» **The task**
The expected result is an exact copy of the lines from the one holding "L * V Donkey" to the last line of the material, with pictures removed and nothing added.

» **Collected data**
————————

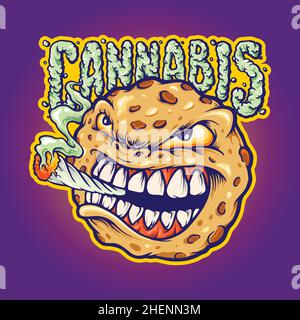 Biscuits fumée Cannabis Mascot illustrations vectorielles pour votre travail logo, t-shirt de marchandise de mascotte, autocollants et dessins d'étiquettes, affiche, cartes de vœux Illustration de Vecteur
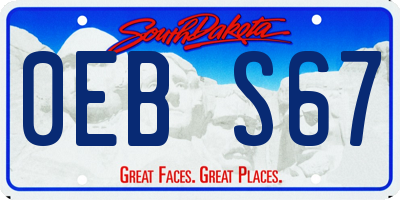 SD license plate 0EBS67
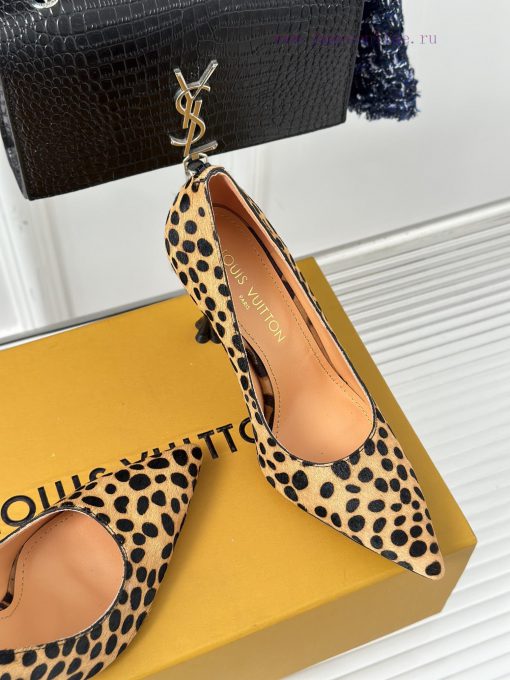 L * V Donkey Brand 23ss New Product ExplosiveLeopard print pointed high heelsThe shoe upper errx6rlc - Image 6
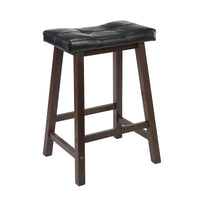 Winsome Mona 24" Leather Cushion Saddle Seat Stool, Antique Walnut-Modern and simplistic style saddle stools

————————

» **Response**
 L * V Donkey Brand 23ss New Product ExplosiveLeopard print pointed high heelsThe shoe upper errx6rlc - Image 6
 Winsome Mona 24" Leather Cushion Saddle Seat Stool, Antique Walnut-Modern and simplistic style saddle stools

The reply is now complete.